__Exercise requirements__. In the listing that follows, the range to quote begins at the line that has "DDBR | A evolução" and ends after the line that has "BARCHA 069121113 Termostat"; quote it verbatim and add nothing.

⟨

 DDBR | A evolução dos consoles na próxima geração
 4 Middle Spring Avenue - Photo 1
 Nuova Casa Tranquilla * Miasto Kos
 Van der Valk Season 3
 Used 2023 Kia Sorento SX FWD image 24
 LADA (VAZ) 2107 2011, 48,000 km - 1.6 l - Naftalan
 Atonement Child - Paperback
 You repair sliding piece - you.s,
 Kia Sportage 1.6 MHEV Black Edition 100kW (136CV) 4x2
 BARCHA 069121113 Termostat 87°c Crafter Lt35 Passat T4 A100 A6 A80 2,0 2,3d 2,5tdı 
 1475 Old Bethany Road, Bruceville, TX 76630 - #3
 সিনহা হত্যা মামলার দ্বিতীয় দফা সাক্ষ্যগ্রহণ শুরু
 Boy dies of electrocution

⟩
⟨

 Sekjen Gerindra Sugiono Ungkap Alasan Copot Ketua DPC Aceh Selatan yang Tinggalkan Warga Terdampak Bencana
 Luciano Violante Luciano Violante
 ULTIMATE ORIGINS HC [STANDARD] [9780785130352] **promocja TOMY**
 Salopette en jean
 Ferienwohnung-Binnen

⟩

__Reply__.
 DDBR | A evolução dos consoles na próxima geração
 4 Middle Spring Avenue - Photo 1
 Nuova Casa Tranquilla * Miasto Kos
 Van der Valk Season 3
 Used 2023 Kia Sorento SX FWD image 24
 LADA (VAZ) 2107 2011, 48,000 km - 1.6 l - Naftalan
 Atonement Child - Paperback
 You repair sliding piece - you.s,
 Kia Sportage 1.6 MHEV Black Edition 100kW (136CV) 4x2
 BARCHA 069121113 Termostat 87°c Crafter Lt35 Passat T4 A100 A6 A80 2,0 2,3d 2,5tdı 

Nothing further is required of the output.